Your Research Toolkit
You don't need a $50K analyst subscription to build a credible market model. Here's what's actually useful.
| Use case | Best for | Typical cost | Gotcha |
|---|---|---|---|
| US business counts by size | Bottom-up TAM (US) | Free (Census) | Lags 1-2 years |
| Employment by role/industry | Headcount-based sizing | Free (BLS) | No company-level data |
| International business data | Non-US markets | Free (UN Data, ITC) | Inconsistent coverage |
| UK company data | UK-focused sizing | Free (Companies House) | Limited financials |
| Industry deep-dives | Top-down validation | $500-$1,500/report (IBISWorld) | Broad segments only |
| B2B firmographics + intent | Bottom-up + SAM filtering | Free tier available (Prospeo) | B2B focus only |
| Startup/VC data | Funding-stage filtering | $49-$99/mo (Crunchbase) | Skews toward funded cos |
| Digital traffic/behavior | Market share estimates | ~$125/mo (SimilarWeb) | Web-only signal |
| Broad market stats | Quick benchmarks | ~$79/mo (Statista) | Surface-level data |
| Market modeling platform | Structured TAM models | From $79/mo (Olympus Intel) | Newer platform |
| Enterprise analyst reports | Board-level validation | $10K-$50K+/yr (Gartner/IDC) | Expensive, broad |
| VC/PE deal data | Comp analysis, M&A sizing | $20K-$50K/yr (PitchBook) | Enterprise pricing |
| Startup intelligence | Trend analysis, funding | $30K-$80K/yr (CB Insights) | Pricey for startups |
| Trade associations (NRF, etc.) | Segment-specific data | Varies; often free reports | Narrow scope |
One warning: watch out for "research farms" that push low-value reports via press releases. If a market report shows up from a company you've never heard of, with suspiciously round numbers and no methodology section, skip it.
Pitch Deck: The 60-Second Market Slide
Your market slide gets a few seconds of attention. Make those seconds count.
The structure that works:
- One line for TAM - the ceiling, with a named source and year
- One line for SAM - your reachable segment, with the filters you applied
- One line for SOM - your Year 1-3 target, tied to sales capacity
- Assumptions footnote - two to three bullets explaining your key inputs
No paragraphs. No "the global market for X is projected to reach Y by Z." Just numbers, sources, and logic.

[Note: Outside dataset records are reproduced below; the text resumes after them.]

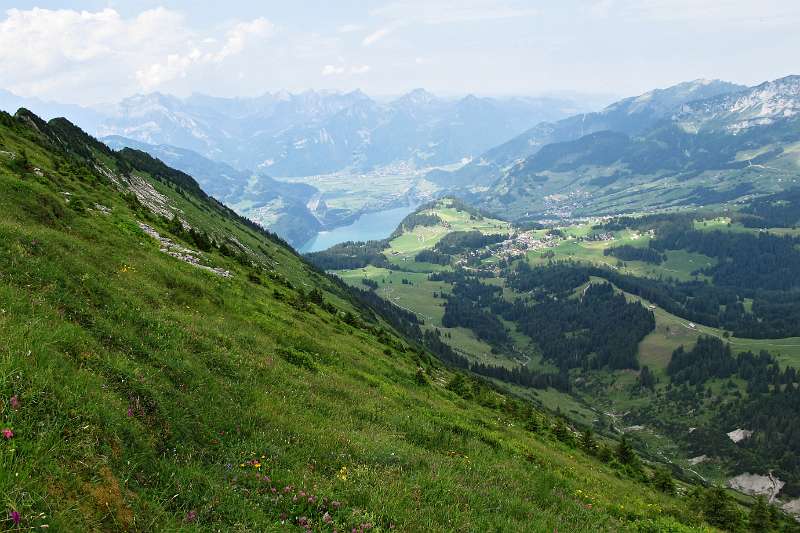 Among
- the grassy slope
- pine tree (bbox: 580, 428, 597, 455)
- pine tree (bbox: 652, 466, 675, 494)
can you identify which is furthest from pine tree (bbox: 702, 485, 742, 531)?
pine tree (bbox: 580, 428, 597, 455)

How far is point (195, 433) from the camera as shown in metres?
12.5

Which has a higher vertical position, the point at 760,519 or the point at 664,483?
the point at 664,483

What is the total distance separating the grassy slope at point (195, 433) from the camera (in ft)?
28.5

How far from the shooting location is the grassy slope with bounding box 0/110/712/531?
28.5 ft

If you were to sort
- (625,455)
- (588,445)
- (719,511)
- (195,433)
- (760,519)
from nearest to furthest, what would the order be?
(195,433)
(719,511)
(760,519)
(588,445)
(625,455)

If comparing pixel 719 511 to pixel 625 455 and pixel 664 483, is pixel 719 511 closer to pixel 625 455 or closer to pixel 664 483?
pixel 664 483

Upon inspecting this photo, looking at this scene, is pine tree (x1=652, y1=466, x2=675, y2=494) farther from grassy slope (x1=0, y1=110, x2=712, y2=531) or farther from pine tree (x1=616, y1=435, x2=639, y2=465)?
grassy slope (x1=0, y1=110, x2=712, y2=531)

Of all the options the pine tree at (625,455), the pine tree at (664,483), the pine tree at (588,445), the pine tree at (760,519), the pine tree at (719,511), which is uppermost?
the pine tree at (719,511)

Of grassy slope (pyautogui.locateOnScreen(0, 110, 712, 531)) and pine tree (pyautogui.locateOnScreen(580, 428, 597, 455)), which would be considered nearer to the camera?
grassy slope (pyautogui.locateOnScreen(0, 110, 712, 531))

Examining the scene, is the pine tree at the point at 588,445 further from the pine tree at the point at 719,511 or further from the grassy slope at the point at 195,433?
the grassy slope at the point at 195,433

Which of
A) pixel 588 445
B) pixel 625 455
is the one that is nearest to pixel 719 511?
pixel 588 445

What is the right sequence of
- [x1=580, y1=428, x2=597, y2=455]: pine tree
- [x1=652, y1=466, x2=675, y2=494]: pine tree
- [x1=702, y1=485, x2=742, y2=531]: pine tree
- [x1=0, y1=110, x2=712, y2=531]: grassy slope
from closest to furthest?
[x1=0, y1=110, x2=712, y2=531]: grassy slope, [x1=702, y1=485, x2=742, y2=531]: pine tree, [x1=652, y1=466, x2=675, y2=494]: pine tree, [x1=580, y1=428, x2=597, y2=455]: pine tree

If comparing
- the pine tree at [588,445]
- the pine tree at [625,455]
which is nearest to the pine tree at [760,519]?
the pine tree at [625,455]

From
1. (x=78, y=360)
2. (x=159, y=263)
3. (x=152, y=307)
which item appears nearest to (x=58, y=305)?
(x=78, y=360) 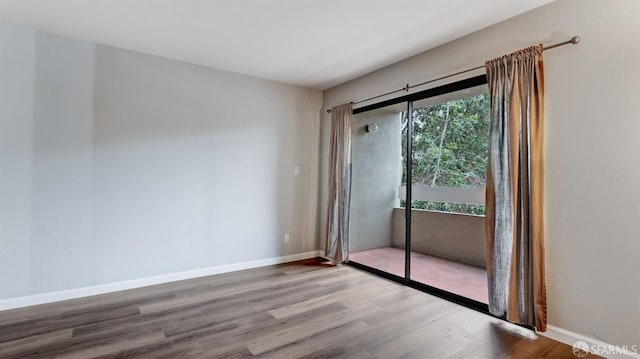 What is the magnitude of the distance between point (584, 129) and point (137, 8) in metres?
3.61

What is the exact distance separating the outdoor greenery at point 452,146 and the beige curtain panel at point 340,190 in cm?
92

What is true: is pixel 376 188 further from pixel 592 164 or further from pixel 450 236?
pixel 592 164

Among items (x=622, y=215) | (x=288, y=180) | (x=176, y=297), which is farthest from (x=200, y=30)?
(x=622, y=215)

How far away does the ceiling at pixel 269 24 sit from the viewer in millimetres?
2443

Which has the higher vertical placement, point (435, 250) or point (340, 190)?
point (340, 190)

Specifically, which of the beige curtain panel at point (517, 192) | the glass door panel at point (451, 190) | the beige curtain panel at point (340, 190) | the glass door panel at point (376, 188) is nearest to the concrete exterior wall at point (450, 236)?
the glass door panel at point (451, 190)

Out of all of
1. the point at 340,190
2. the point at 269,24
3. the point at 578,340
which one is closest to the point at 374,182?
the point at 340,190

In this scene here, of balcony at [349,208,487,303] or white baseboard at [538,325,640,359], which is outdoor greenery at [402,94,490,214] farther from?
white baseboard at [538,325,640,359]

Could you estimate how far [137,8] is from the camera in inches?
99.0

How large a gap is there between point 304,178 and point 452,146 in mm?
2126

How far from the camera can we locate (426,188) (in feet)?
13.2

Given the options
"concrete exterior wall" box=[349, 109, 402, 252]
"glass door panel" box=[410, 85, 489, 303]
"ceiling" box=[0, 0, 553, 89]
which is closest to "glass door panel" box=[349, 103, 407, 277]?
"concrete exterior wall" box=[349, 109, 402, 252]

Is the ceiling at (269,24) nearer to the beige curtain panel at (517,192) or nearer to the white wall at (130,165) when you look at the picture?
the white wall at (130,165)

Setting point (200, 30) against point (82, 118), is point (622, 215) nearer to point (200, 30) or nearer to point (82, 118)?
point (200, 30) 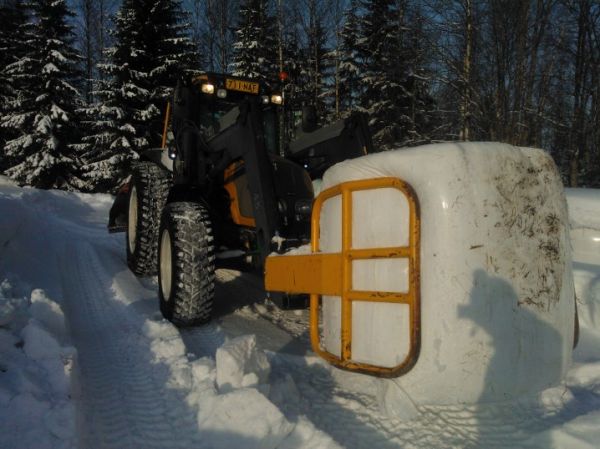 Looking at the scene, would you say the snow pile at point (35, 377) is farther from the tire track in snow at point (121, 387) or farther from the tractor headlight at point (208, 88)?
the tractor headlight at point (208, 88)

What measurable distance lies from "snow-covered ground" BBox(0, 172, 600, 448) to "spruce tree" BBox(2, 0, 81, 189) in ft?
62.9

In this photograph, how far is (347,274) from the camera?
2617 millimetres

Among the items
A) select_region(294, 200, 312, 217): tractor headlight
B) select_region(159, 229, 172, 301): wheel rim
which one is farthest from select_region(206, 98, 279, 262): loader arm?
select_region(159, 229, 172, 301): wheel rim

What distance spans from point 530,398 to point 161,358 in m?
2.23

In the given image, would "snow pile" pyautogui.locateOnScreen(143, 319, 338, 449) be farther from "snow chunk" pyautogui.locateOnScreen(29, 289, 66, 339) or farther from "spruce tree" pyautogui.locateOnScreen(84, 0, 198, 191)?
"spruce tree" pyautogui.locateOnScreen(84, 0, 198, 191)

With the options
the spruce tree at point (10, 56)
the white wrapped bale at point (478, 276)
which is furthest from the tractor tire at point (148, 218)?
the spruce tree at point (10, 56)

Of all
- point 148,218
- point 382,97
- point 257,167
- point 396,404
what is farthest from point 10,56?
point 396,404

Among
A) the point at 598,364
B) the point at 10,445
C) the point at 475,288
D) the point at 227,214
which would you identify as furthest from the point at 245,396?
the point at 227,214

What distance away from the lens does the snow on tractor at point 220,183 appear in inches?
157

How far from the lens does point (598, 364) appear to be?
2988 mm

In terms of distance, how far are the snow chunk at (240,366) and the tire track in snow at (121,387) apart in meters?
0.25

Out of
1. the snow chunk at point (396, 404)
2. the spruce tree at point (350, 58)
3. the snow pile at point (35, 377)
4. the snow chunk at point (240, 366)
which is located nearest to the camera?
the snow pile at point (35, 377)

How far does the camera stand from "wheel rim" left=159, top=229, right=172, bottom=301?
4.45 meters

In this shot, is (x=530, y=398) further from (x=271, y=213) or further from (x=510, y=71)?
(x=510, y=71) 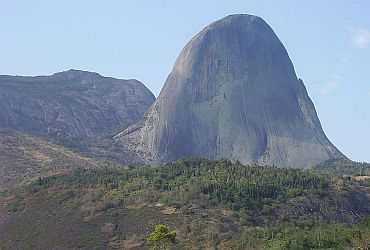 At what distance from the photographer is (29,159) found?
14788 cm

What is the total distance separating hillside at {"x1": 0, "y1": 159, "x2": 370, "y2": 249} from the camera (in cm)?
7231

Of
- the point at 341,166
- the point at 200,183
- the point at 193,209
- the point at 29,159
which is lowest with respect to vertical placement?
the point at 193,209

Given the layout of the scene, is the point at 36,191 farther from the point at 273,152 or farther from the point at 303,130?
the point at 303,130

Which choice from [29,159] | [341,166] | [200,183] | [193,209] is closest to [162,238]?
[193,209]

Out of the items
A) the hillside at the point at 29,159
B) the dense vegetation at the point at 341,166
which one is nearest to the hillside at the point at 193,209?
the hillside at the point at 29,159

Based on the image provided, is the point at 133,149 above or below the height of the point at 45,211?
above

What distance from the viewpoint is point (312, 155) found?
185375 mm

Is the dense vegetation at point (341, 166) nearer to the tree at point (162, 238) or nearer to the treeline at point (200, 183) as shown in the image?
the treeline at point (200, 183)

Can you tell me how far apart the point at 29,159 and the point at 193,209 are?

Decks with 30%+ data slides get 3x longer investor engagement, so show your filtering logic visually as a funnel or nested circles. Don't lead with a trillion-dollar number. Don't use "1% of the market" language. And don't cite a single analyst report as your entire methodology.
Investors aren't grading your TAM on size. They're grading it on logic. A $200M TAM with airtight bottom-up math beats a $50B TAM pulled from a press release every single time.
FAQ
What's the Difference Between TAM, SAM, and SOM?
TAM is the total revenue opportunity if you captured every possible customer. SAM narrows that to the segment you can reach with your current product, pricing, and distribution. SOM is the realistic share you'll capture in one to three years based on sales capacity. Investors evaluate all three, but SOM drives their return math.
What's a Good SOM Target for Year 1?
Around 1% of your SAM, scaling to 3% by Year 2 and 5% by Year 3. If your SOM exceeds 5-10% of SAM in Year 1, investors will question whether your SAM is too narrow or your projections are unrealistic.
How Often Should You Update Your Market Analysis?
Quarterly is the right cadence for most B2B companies. Markets shift - new competitors enter, regulations change, adjacent segments open up, and your own product evolves. A TAM calculated during your seed round shouldn't still be on your Series B deck without revision.
What Tools Help With Bottom-Up B2B Sizing?
For firmographic counts, tools like Prospeo let you filter by industry, headcount, revenue, tech stack, and intent signals to get actual company counts matching your ICP - starting on a free tier. For macro data, the US Census Bureau and BLS provide free business and employment counts. Enterprise teams often layer in PitchBook or Gartner for board-level validation.